Shedding skin is an impossible task, but when you're too ashamed to live in your skin, you'll take drastic measures. You want to destroy the girl who allowed this to happen. You want to run in the opposite direction of her, because all you see is shame. You hate the girl who people call a "slut" and a "whore" for something she has no control over. Because it's her fault.
Her fault. Your fault. My fault.
But then it hits...
Towards the end of the book, Eden opens up to someone she trusts, and she realizes it wasn't her fault. She's able to come to terms with the idea that her old self isn't the one to blame. Over the last few years, I've learned that I can't be the person I want to be without accepting my past. I have to stop blaming myself for going to that outdoor concert, for riding that Megabus, for acting out, for being a teenager... for being human. I had to conquer quite a few hurdles, but after reading this book and watching Eden open up and let go, I feel as though I could do the same. At the end of the book, she begins to see the world with more love and optimism than hate and fear. Her journey made me want to embrace that innocent and kind-hearted girl I used to be... rather than ignore her, as I have done for so many years.
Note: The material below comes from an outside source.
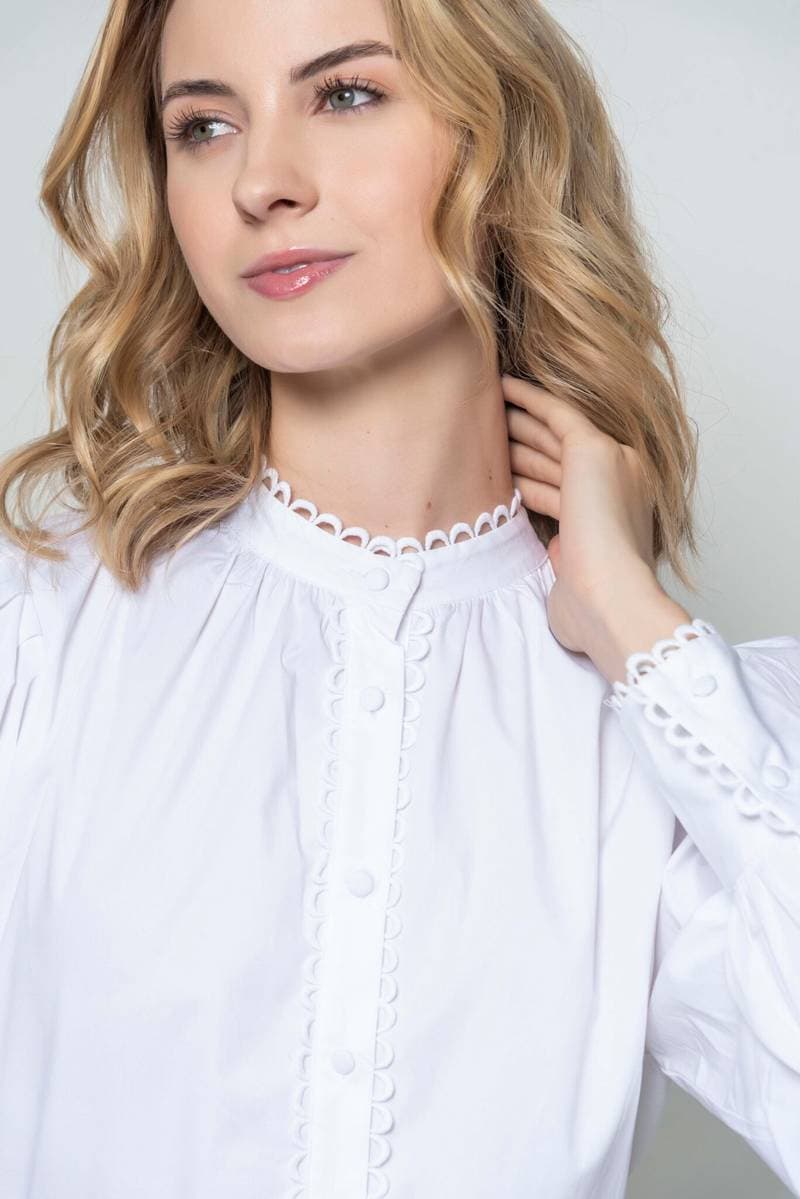 Brand new 100 per soft cotton lace scallop trim blouse with cuffs and mismatched mother of pearl but - Image 2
I know my story is just one of millions, one that I certainly can't directly compare to Eden's or anyone else's. Sexual assault happens to women, men, and children every single day. According to RAINN statistics, every 107 seconds, someone is sexually assaulted. Sixty-eight percent of the crimes go unreported. Nearly half of the victims are under the age of 18. Unfortunately, sexual assault isn’t uncommon, and hating the way you used to be is a common reaction. But that shouldn't be the case, and that's why books like Smith's are beginning to make a difference. Books like these tell difficult stories, show the harsh realities and aftermath of sexual assault, and search out peace in a way that works. I'm tired of blaming the girl I used to be. It wasn't her fault. Instead of shoving her into a closet, pretending she doesn't exist, I'm beginning to see her in a new light.
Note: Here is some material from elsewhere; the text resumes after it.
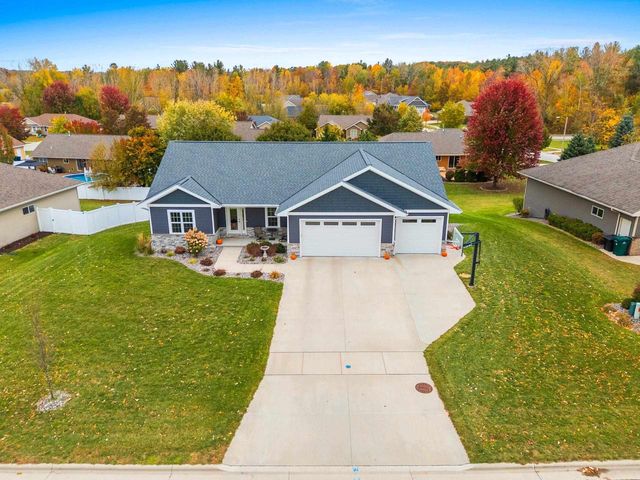 3442 LEEDS CASTLE DRIVE, Green Bay, WI 54313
"I'm tired of blaming the girl I used to be. It wasn't her fault."
When I was 14, I was full of nervous giggles, I cared too much about what others thought, and I was an awkward pile of gangly limbs. The way I used to be shouldn't be shunned for what happened, and neither should the woman I am today. Eden and her story inspired me to remember who I was, who I am, and who I want to become. In the end, they're all the same — they're me, and you are you — and that's something that no man, no one, can ever take away.